Vast.ai provides a simple interface to rent powerful machines at the best possible prices, reducing GPU cloud computing costs by ~3x to 5x.
Consumer computers and consumer GPUs in particular are considerably more cost effective than equivalent enteprise hardware. We are helping the millions of underutilized consumer GPUs around the world enter the cloud computing market for the first time.
DLPerf (Deep Learning Performance) - is our own scoring function. It is an approximate estimate of performance for typical deep learning tasks. Currently DLPerf predicts performance well in terms of iters/second for a few common tasks such as training resnet50 CNNs. For example on these tasks, a V100 instance with a DLPerf score of 21 is roughly ~2x faster than a 1080Ti with a DLPerf of 10.

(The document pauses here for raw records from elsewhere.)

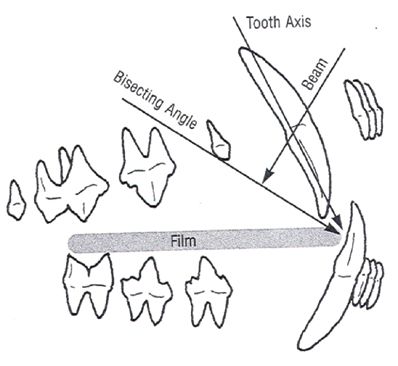 Figure3-648142-1384342876860.jpg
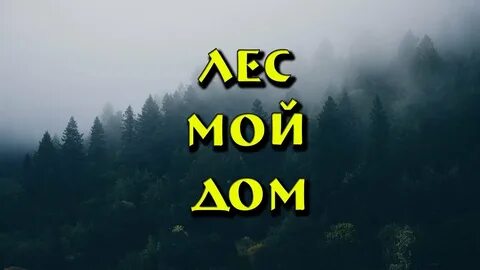 Мой лес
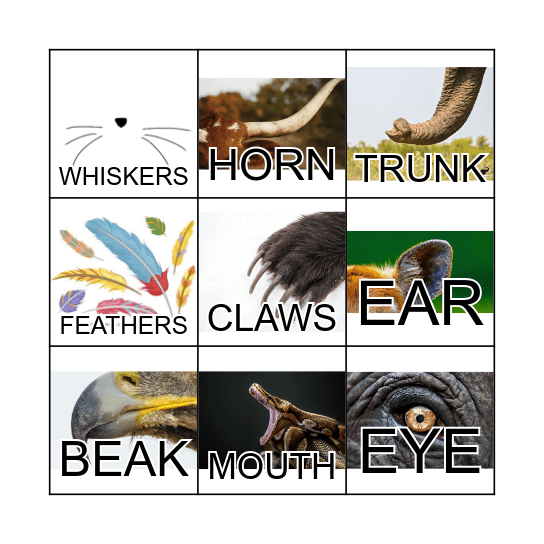 ANIMALS BODY PARTS Bingo Card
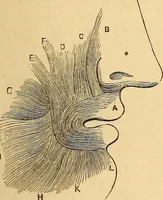 An illustration from New physiognomy (1867)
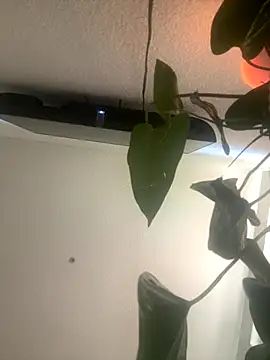 Snapshot of redheadangel_5 chatting on 11/29/25, 10:35 redheadangel 5 online show from 11/29/25, 10:35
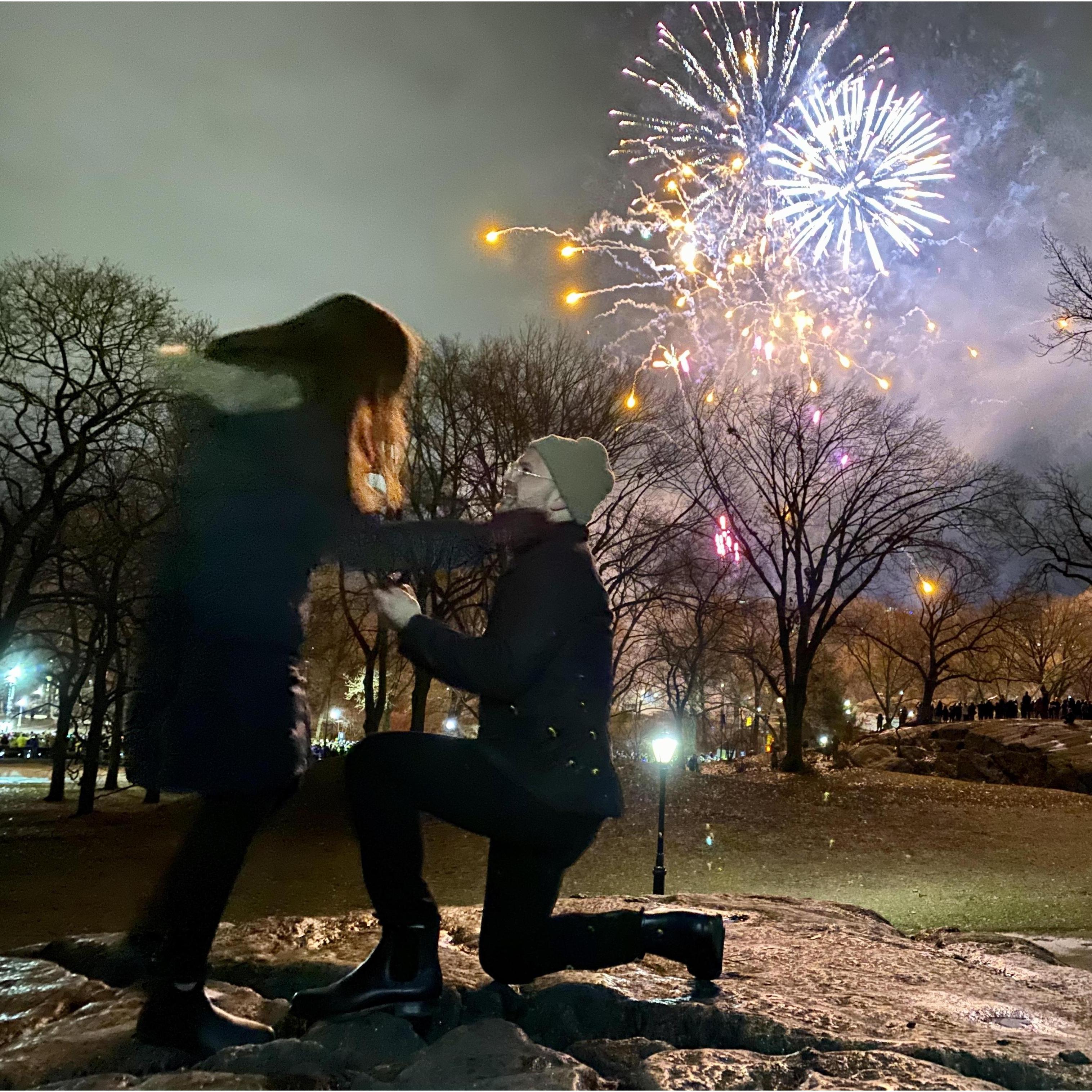 Proposal night in NYC’s Central Park 01/01/2020.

It turns out that many tasks have similar performance characteristics, but naturally if your task is very unusual in its compute requirements the DLPerf score may not be very predictive. A single score can never be accurate for predicting performance across a wide variety of tasks; the best we can do is approximate performance on many tasks with a weighted combination. Although far from perfect, DLPerf is more useful for predicting performance than TFLops for most tasks.
In the near future we intend to improve DLPerf by incorporating search criteria into the score dynamically, and later - by using deep learning (of course!). For example, if you select the Pytorch image, the DLPerf scores will automatically adjust to predict Pytorch benchmark performance, a fp16/fp32 checkbox can provide information for even more informative scores, and so on.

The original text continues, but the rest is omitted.